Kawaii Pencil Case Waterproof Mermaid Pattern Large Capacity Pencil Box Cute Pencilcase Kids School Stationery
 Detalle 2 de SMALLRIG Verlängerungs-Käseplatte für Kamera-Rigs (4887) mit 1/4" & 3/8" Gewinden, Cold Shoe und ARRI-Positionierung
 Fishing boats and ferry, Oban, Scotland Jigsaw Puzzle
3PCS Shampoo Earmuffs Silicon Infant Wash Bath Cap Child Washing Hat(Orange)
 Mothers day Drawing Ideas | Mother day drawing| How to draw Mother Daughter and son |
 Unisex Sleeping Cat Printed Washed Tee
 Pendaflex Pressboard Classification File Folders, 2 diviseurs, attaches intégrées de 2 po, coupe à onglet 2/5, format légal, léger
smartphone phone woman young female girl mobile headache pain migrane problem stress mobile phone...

[TASK BRIEF] Only the lines from the one bearing "Unisex Sleeping Cat Printed Washed Tee" to the end of the material belong in the answer; set them down verbatim.

[ANSWER FOR THE TASK]
 Unisex Sleeping Cat Printed Washed Tee
 Pendaflex Pressboard Classification File Folders, 2 diviseurs, attaches intégrées de 2 po, coupe à onglet 2/5, format légal, léger
smartphone phone woman young female girl mobile headache pain migrane problem stress mobile phone...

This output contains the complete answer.